What you need to do: Every line below should be copied exactly; drop the pictures.

** Opening Given data block **

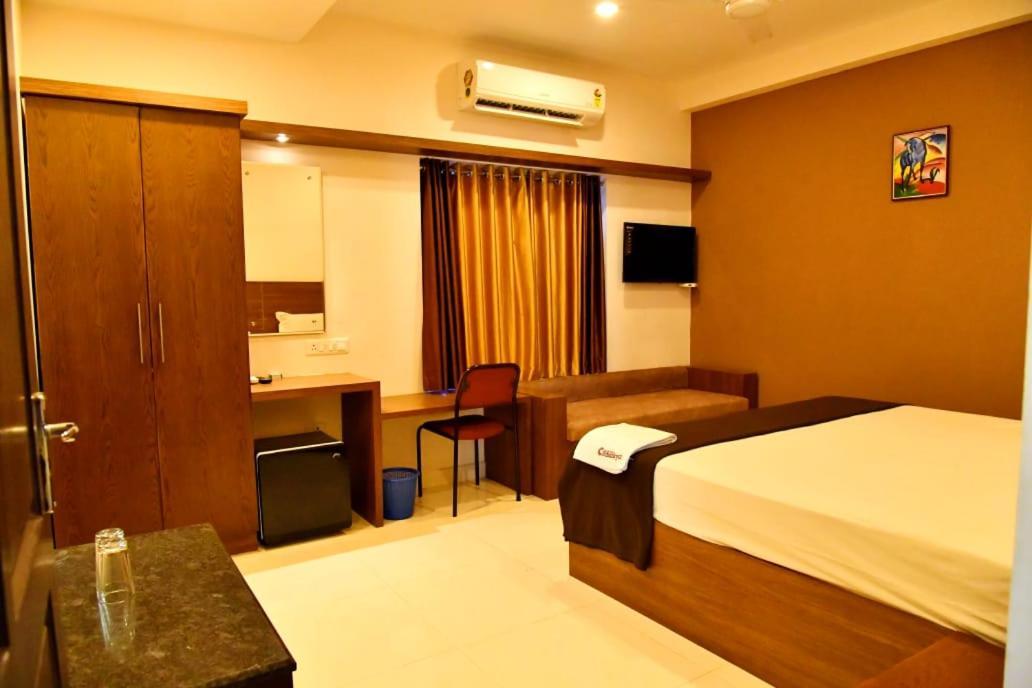 Hotel Chanakya 帕拉克卡德 外观 照片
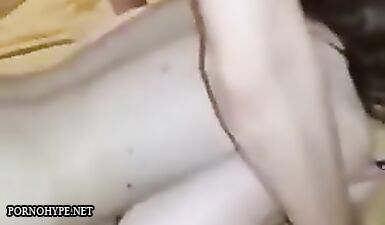 Горячая Жена Визжит от Жесткого Анала: Лучшее Порно 18+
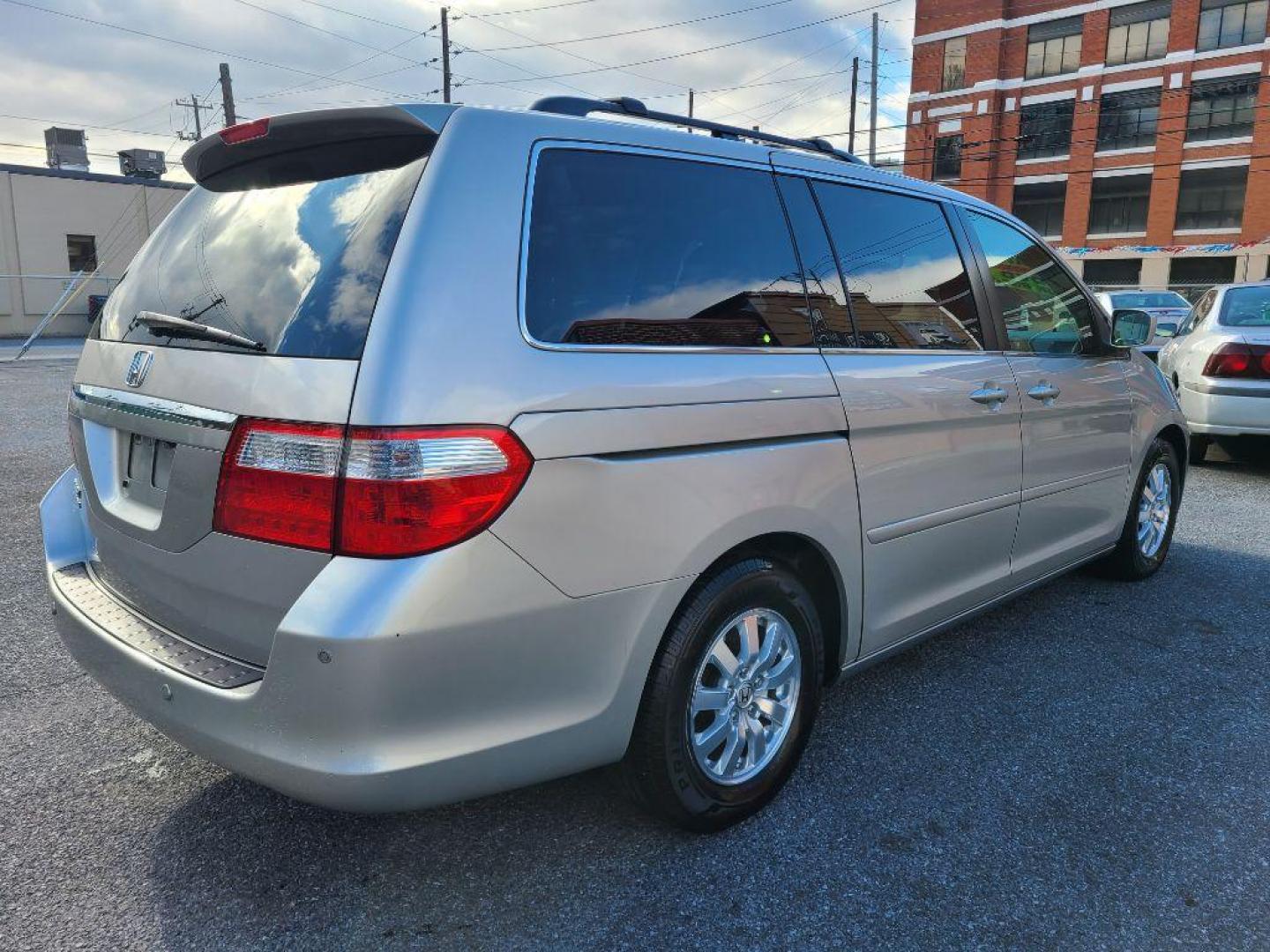 2006 SILVER HONDA ODYSSEY TOURING (5FNRL38816B) with an 3.5L engine, Automatic transmission, located at 117 North Cameron Street, Harrisburg, PA, 17101, (717) 963-8962, 40.266762, -76.875259 - WE FINANCE!!! Good Credit/ Bad Credit/ No Credit - ALL Trade-Ins Welcomed!!! ***Guaranteed Credit Approval*** APPLY ONLINE or CALL us TODAY ;) Internet Prices and Marketplace Prices are SPECIAL discounted ***CASH DEALS*** Retail Prices are higher. Please call us to discuss your cash and finan - Photo#4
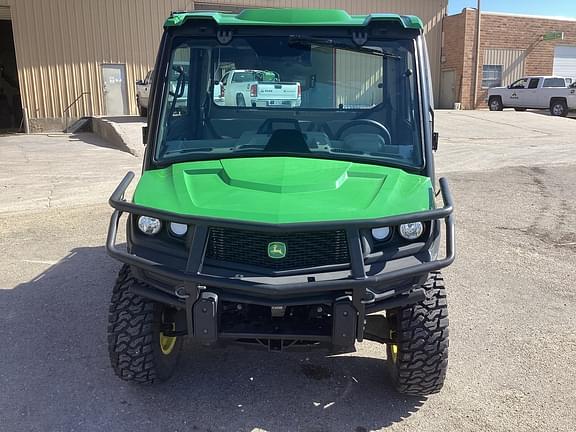 Image of John Deere XUV 835R equipment image 1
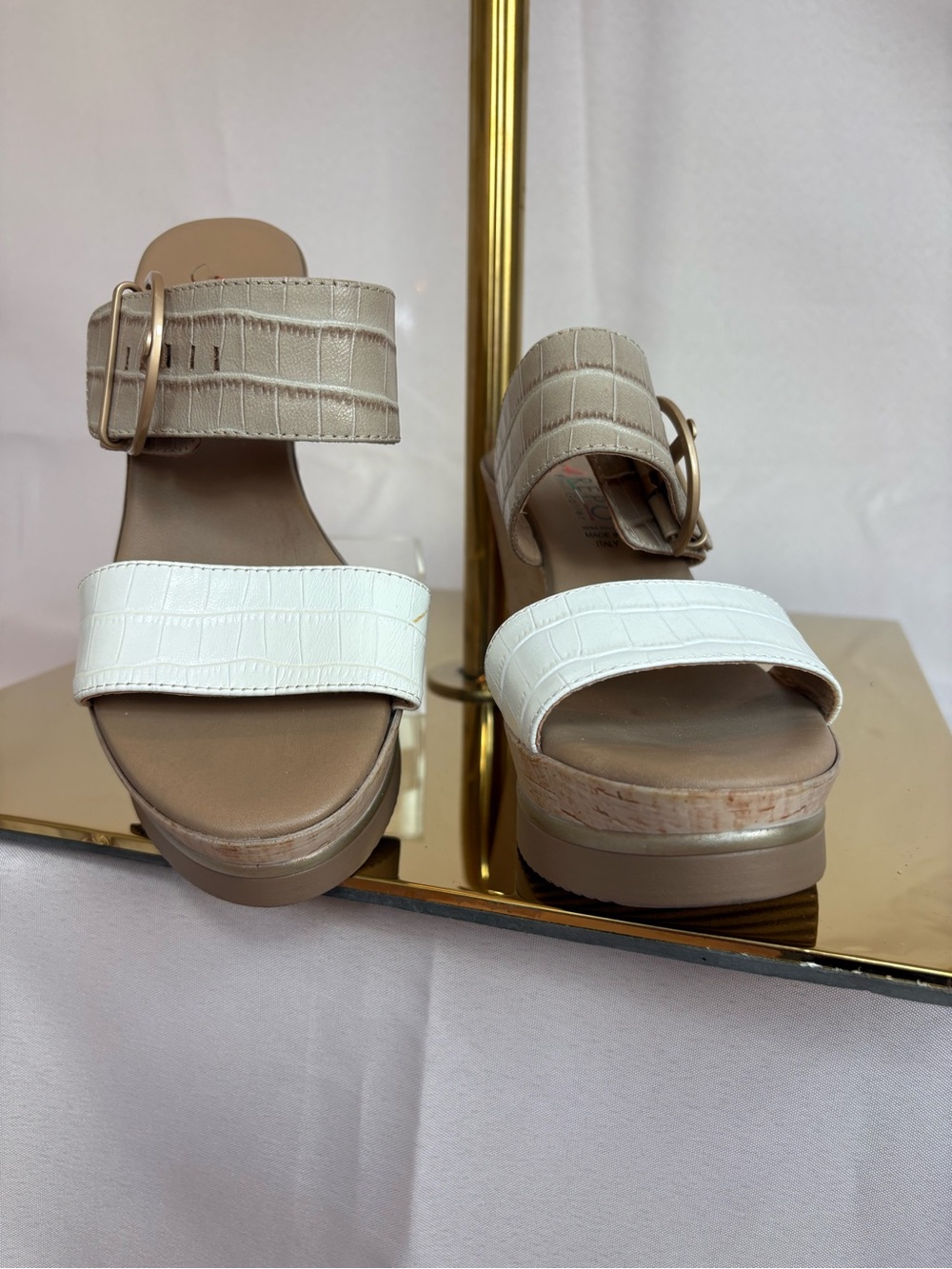 Two-Tone Beige and White Platform Slide Sandals with Buckle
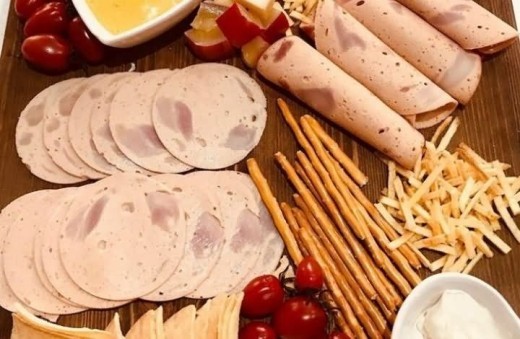 قیمت سوسیس و کالباس از گوشت بالا زد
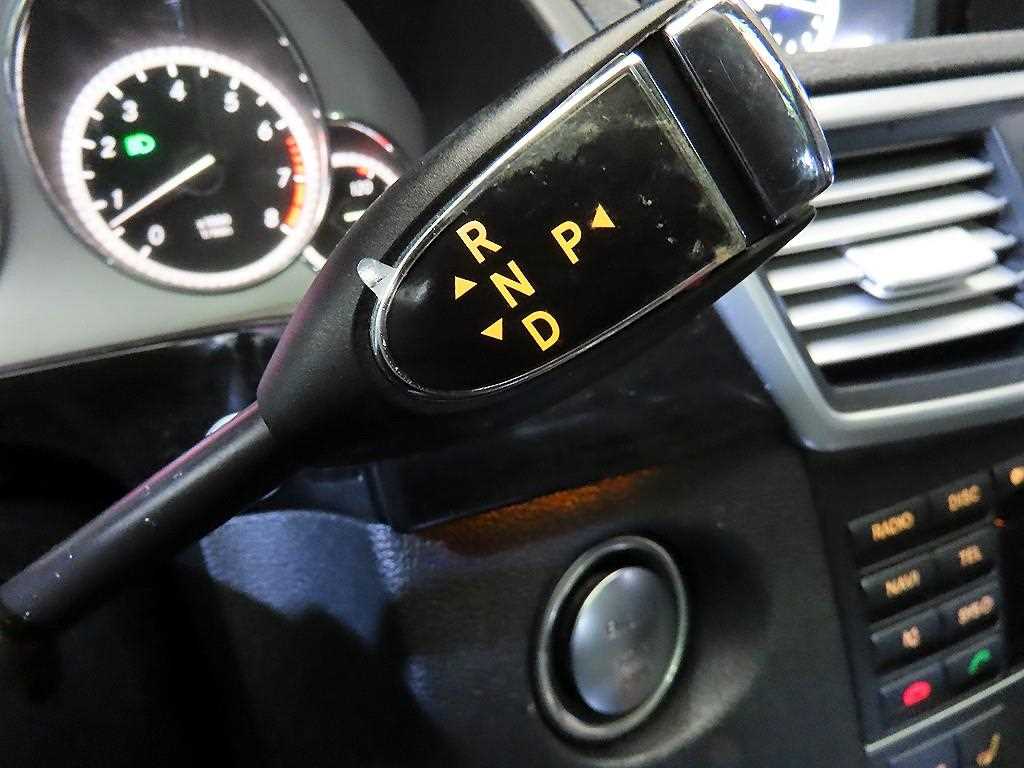 Mercedes Benz E class - Vista 12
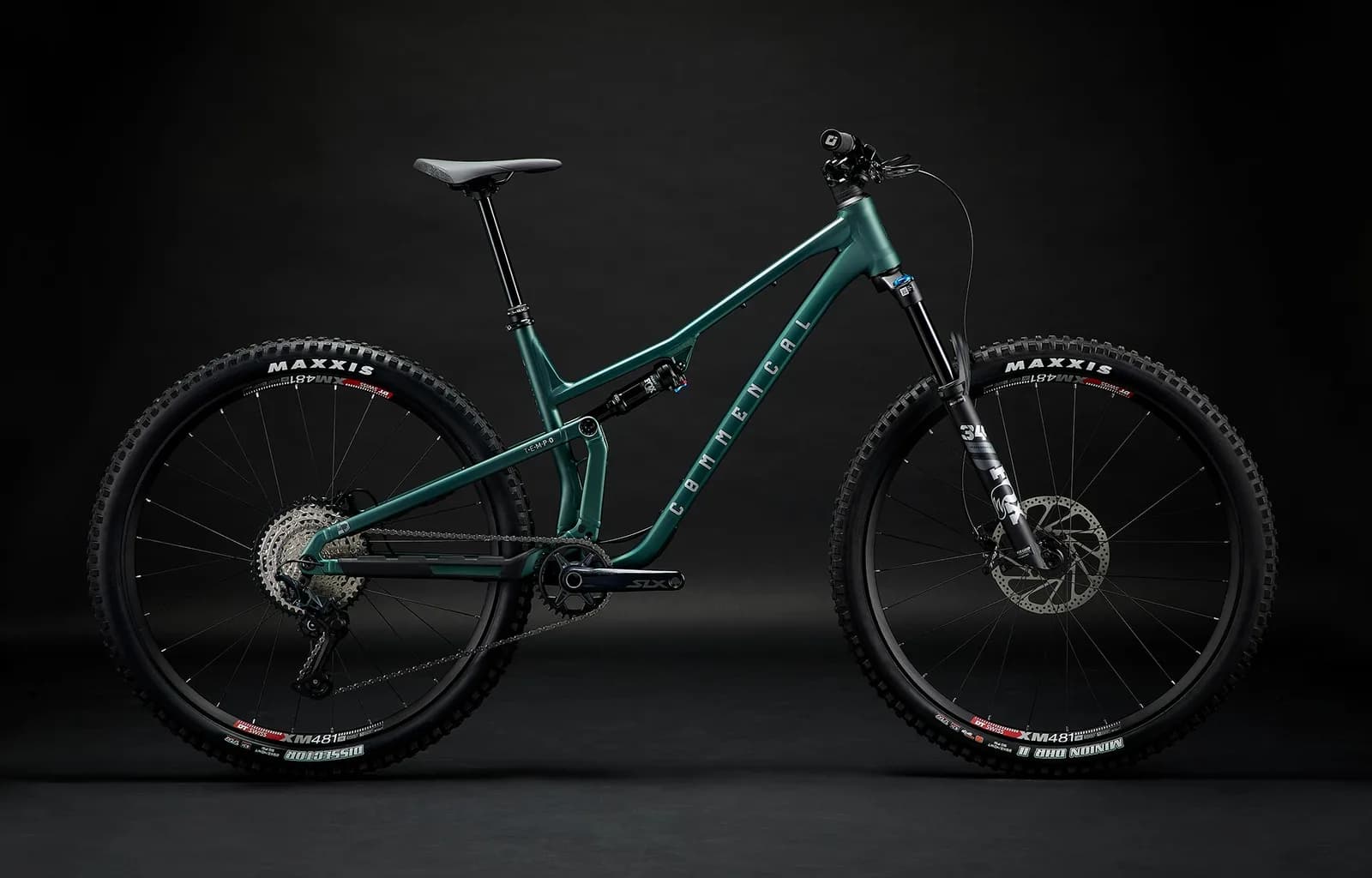 T.E.M.P.O. ESSENTIAL METALLIC GREEN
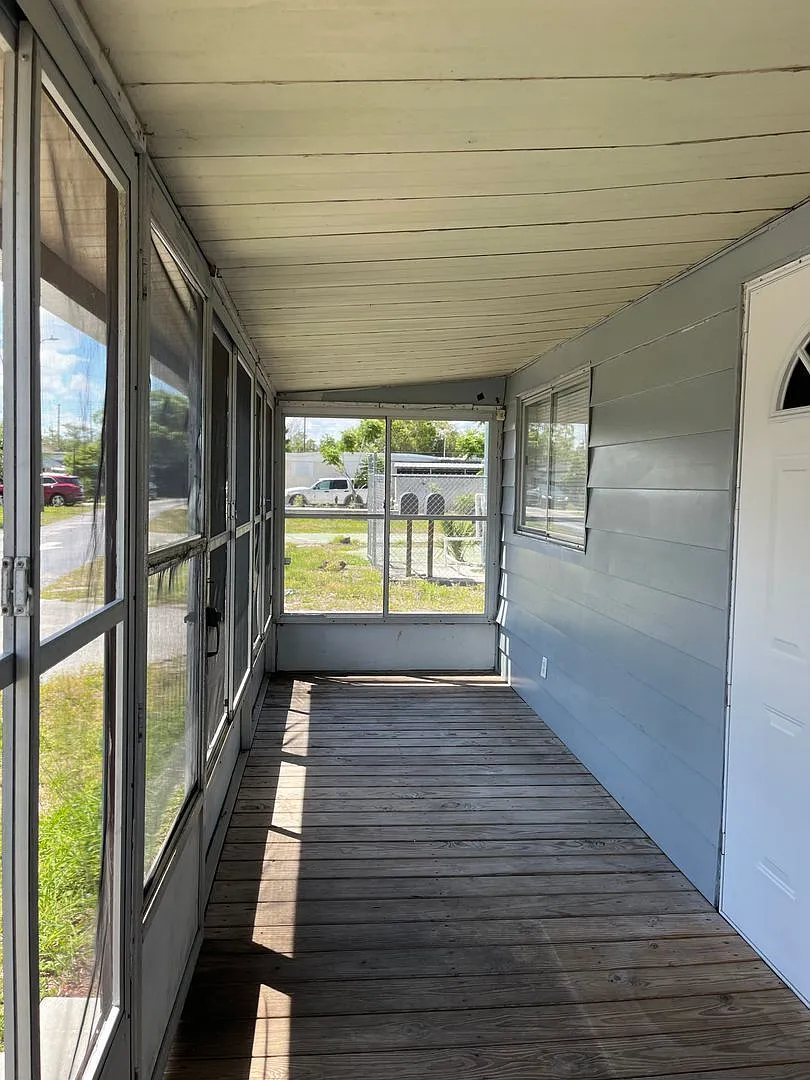 1 bed, 1.0 bath, 576 sqft, $899 — Photo 3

** Closing Given data block **

Response for this exercise:
 Hotel Chanakya 帕拉克卡德 外观 照片
 Горячая Жена Визжит от Жесткого Анала: Лучшее Порно 18+
 2006 SILVER HONDA ODYSSEY TOURING (5FNRL38816B) with an 3.5L engine, Automatic transmission, located at 117 North Cameron Street, Harrisburg, PA, 17101, (717) 963-8962, 40.266762, -76.875259 - WE FINANCE!!! Good Credit/ Bad Credit/ No Credit - ALL Trade-Ins Welcomed!!! ***Guaranteed Credit Approval*** APPLY ONLINE or CALL us TODAY ;) Internet Prices and Marketplace Prices are SPECIAL discounted ***CASH DEALS*** Retail Prices are higher. Please call us to discuss your cash and finan - Photo#4
 Image of John Deere XUV 835R equipment image 1
 Two-Tone Beige and White Platform Slide Sandals with Buckle
 قیمت سوسیس و کالباس از گوشت بالا زد
 Mercedes Benz E class - Vista 12
 T.E.M.P.O. ESSENTIAL METALLIC GREEN
 1 bed, 1.0 bath, 576 sqft, $899 — Photo 3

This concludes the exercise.